Three layers are better than two. The best mask has two tightly woven layers of outer material with a filter material sandwiched in the middle, Dr. Marr said. You can use surgical mask material or even a piece of a vacuum bag as a filter between two pieces of fabric. Coffee filters are an option, but can be less breathable. If you like your two-layer mask, you can just wear it over a surgical mask when you want added protection. A well-fitting fabric mask with a third filter layer can stop 74 to 90 percent of risky particles, the researchers found.

Flexible material is better. Stiff material creates gaps. Look for a mask made of tightly woven flexible material that contours to your face. Masks with wire that can be molded around the nose also fit better by closing gaps where air can escape out and seep in.

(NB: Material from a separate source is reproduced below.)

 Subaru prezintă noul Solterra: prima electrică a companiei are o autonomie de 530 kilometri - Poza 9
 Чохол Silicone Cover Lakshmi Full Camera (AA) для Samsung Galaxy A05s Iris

Ties are better than ear loops. Masks that tie around your head fit better and can be more comfortable. Ear loop masks can leave bigger gaps around your face and cause ears to become sore with longer use.

Face shields should be used with a mask. Face shields alone offered little to no protection. Although the clear plastic shield is impermeable, air seeps out and comes in around the edges of the shield. “It was the worst of everything,” said Jin Pan, a civil and environmental engineering Ph.D. student who was a co-author of the study. A face shield combined with a mask offers added protection, particularly for the eyes.

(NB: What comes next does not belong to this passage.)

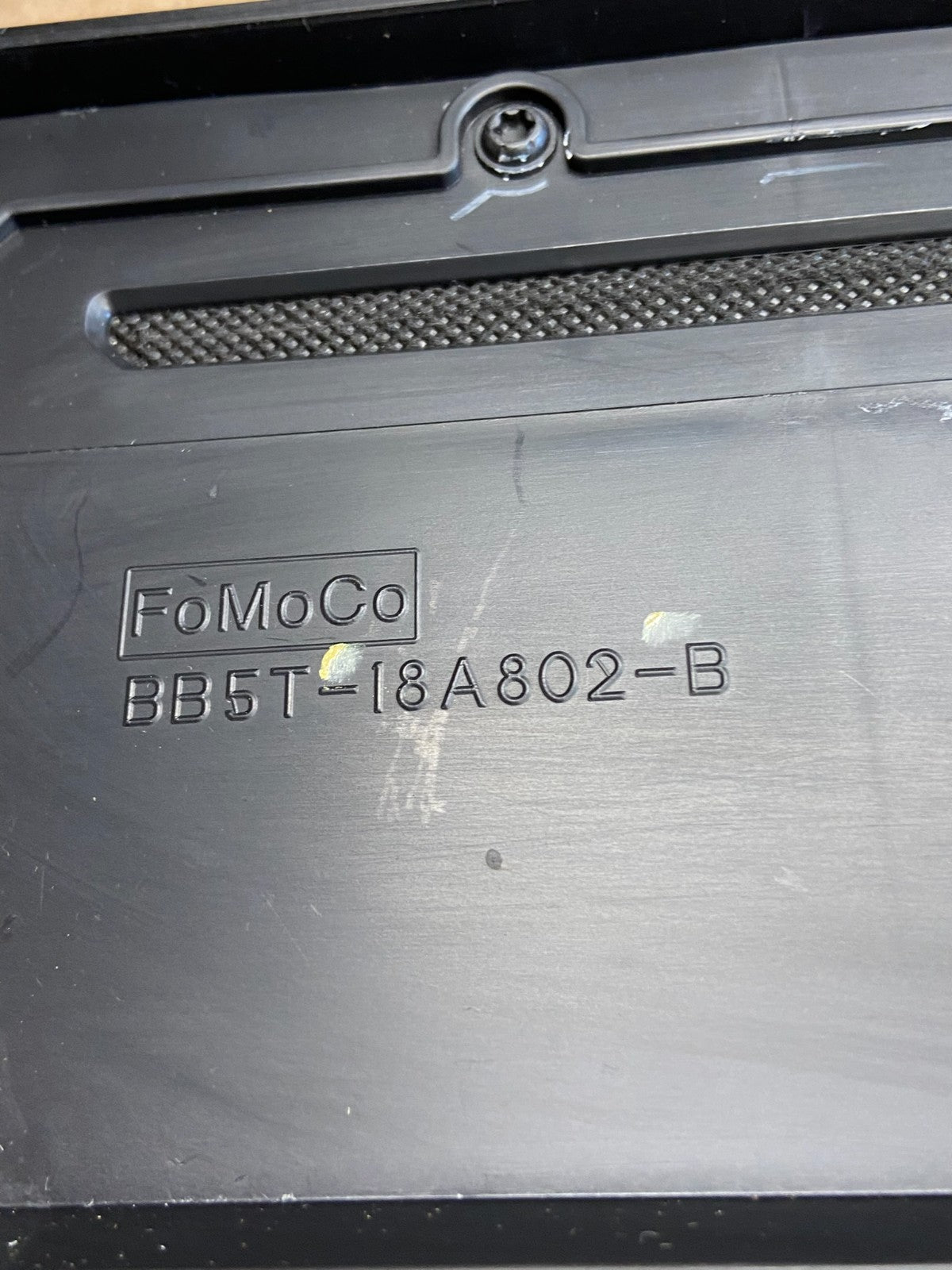 2011 to 2014 Ford Explorer Radio Climate Control Trim Bezel Panel AF2189 DG5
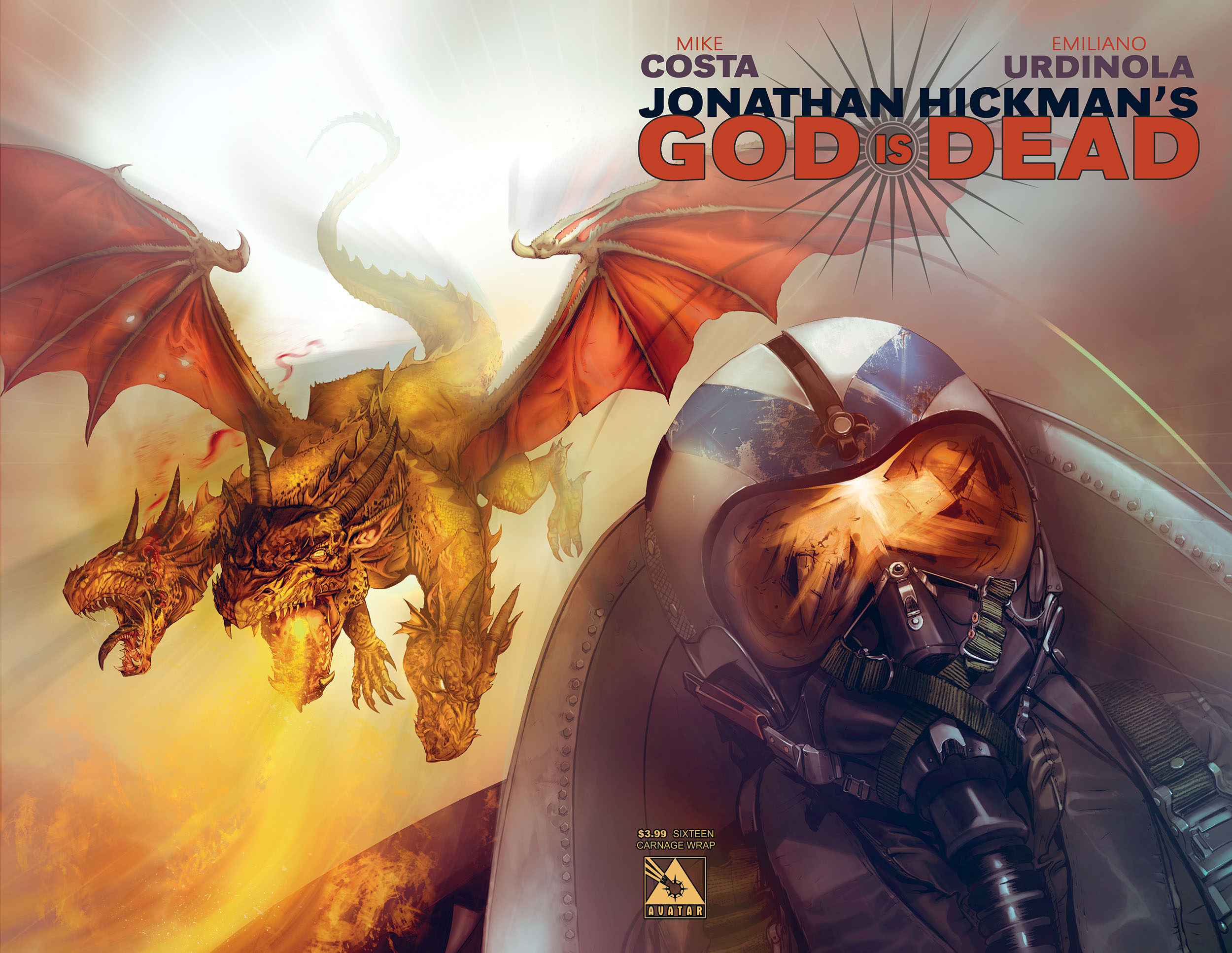 Read online God Is Dead comic -  Issue #16 - 5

A well-fitted mask protects the wearer. Dr. Marr and her colleagues tested cloth masks for how well they protected others (outward protection) as well as the wearer (inward protection). Although masks are most efficient at filtering outgoing germs, they do stop incoming germs at nearly the same rate in most cases, the researchers found. Masks that did a poor job protecting the wearer were those made of stiffer materials and those worn loosely and with gaps around the edges.

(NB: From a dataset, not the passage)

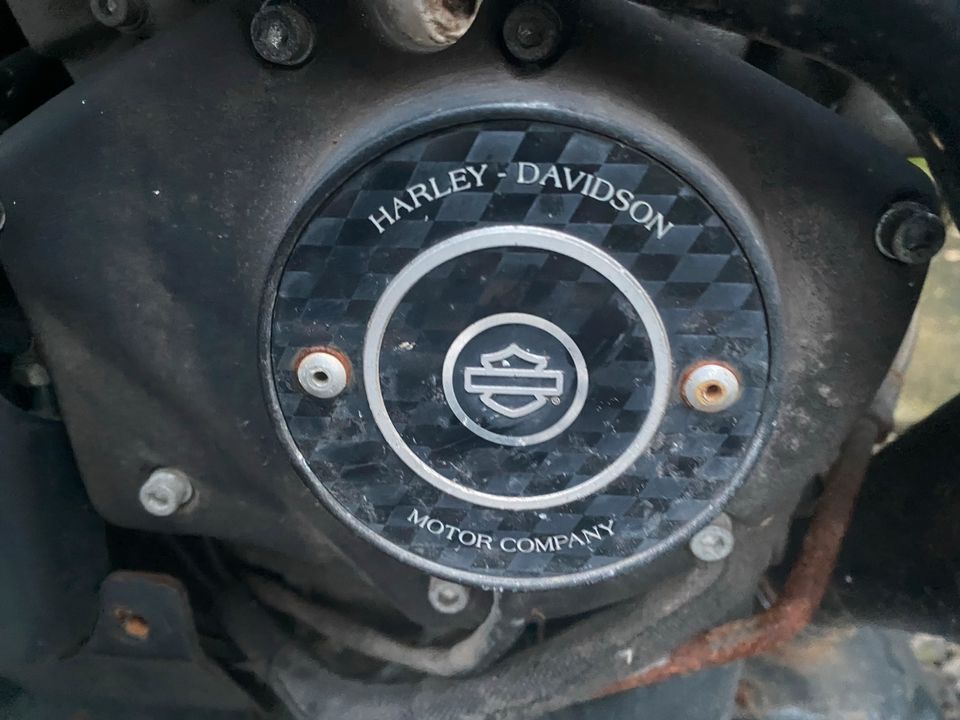 Harley Davidson (Buell XB1) in Wiesbaden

A recent study from Denmark suggested that masks don’t protect the wearer, but Dr. Marr noted that in that study, many people weren’t using masks properly. “Fewer than half wore them as instructed,” Dr. Marr said. Although Dr. Marr’s findings come from a lab, rather than the real world, she said her group’s latest research should offer reassurance to people who wear well-fitted masks that they are getting additional protection from other people’s germs.

The research should also reassure people about the benefits of cloth masks, Dr. Marr said. She noted that masks can’t do “100 percent of the work,” and it’s important to combine mask wearing with other measures, like hand-washing and restricting social contacts.

“Something is better than nothing,” Dr. Marr said. “Even the simplest cloth mask of one layer of material blocks half or more of aerosols we think are important to transmission. If you go to a tighter weave and more layers, you’ll get even better performance.”

The Virginia Tech study was published online and has not yet been peer reviewed.